◆ **RECORDS**:

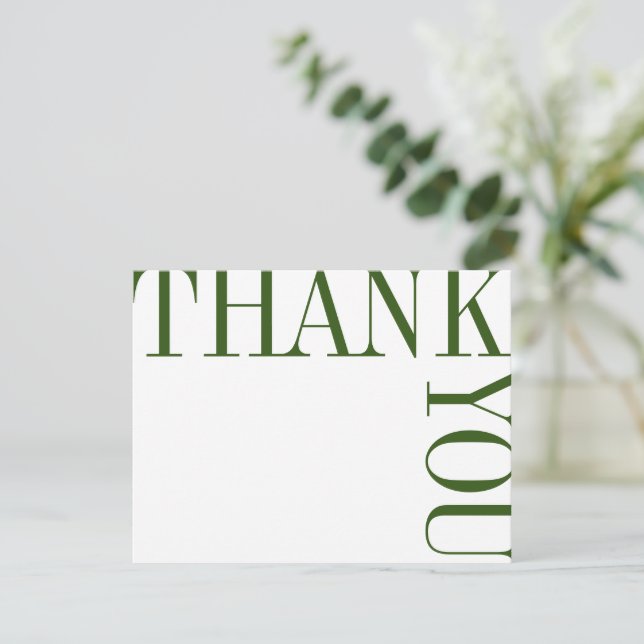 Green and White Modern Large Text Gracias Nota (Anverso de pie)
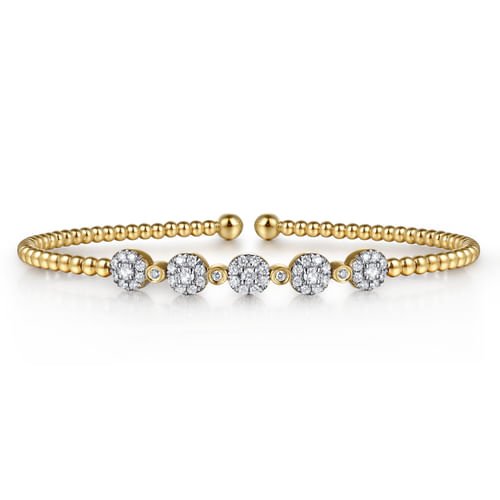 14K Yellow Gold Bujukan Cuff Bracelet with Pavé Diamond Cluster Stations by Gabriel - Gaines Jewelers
---
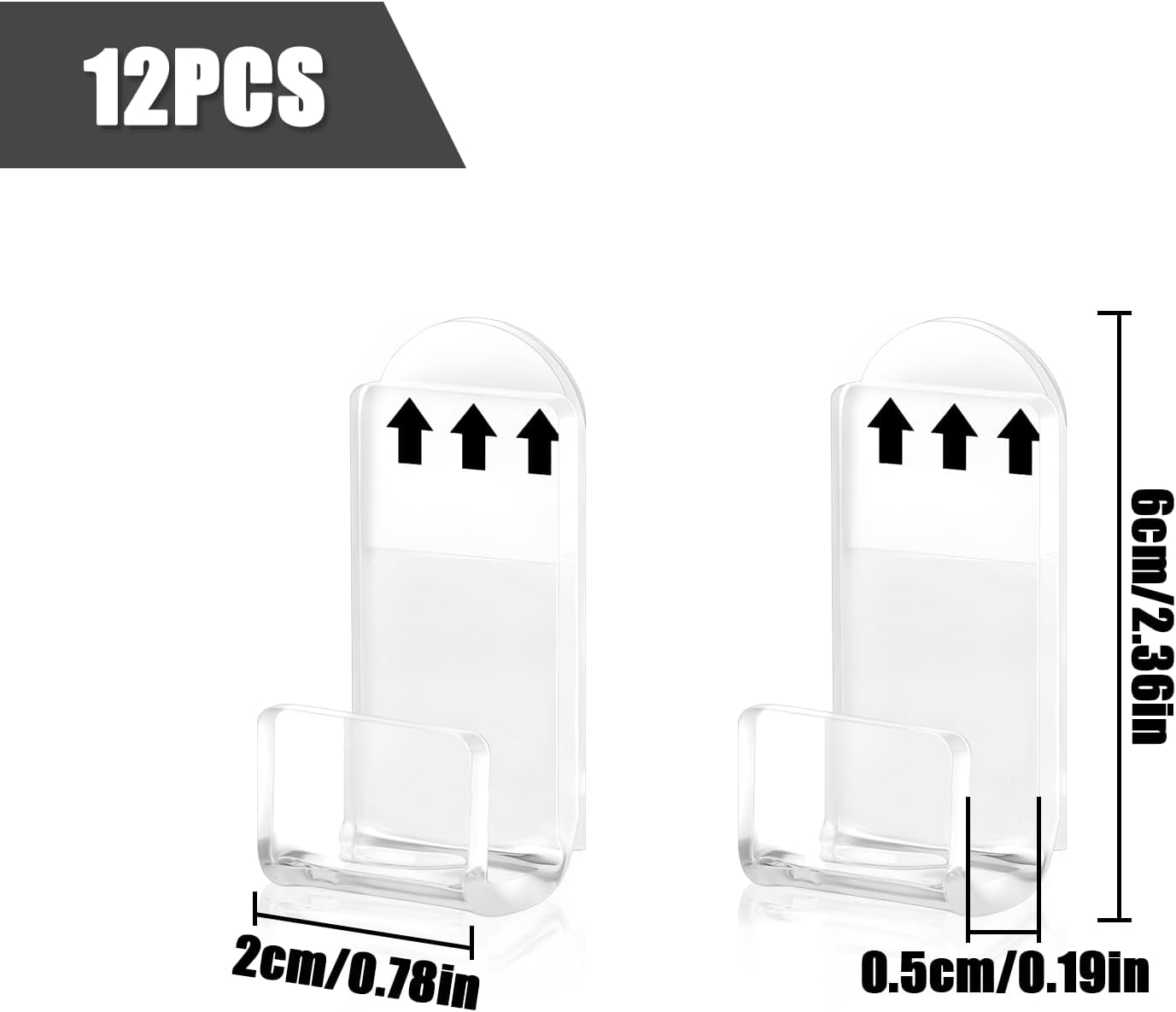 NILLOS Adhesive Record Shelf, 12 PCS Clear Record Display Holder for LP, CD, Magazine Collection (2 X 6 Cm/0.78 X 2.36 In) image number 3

◆ **WORK TO BE COMPLETED**: Write out word for word the lines of the listing above from the line with "Green and White" to the line with "14K Yellow Gold", taking in both of those lines but no pictures.

◆ **TASK ANSWER**:
 Green and White Modern Large Text Gracias Nota (Anverso de pie)
 14K Yellow Gold Bujukan Cuff Bracelet with Pavé Diamond Cluster Stations by Gabriel - Gaines Jewelers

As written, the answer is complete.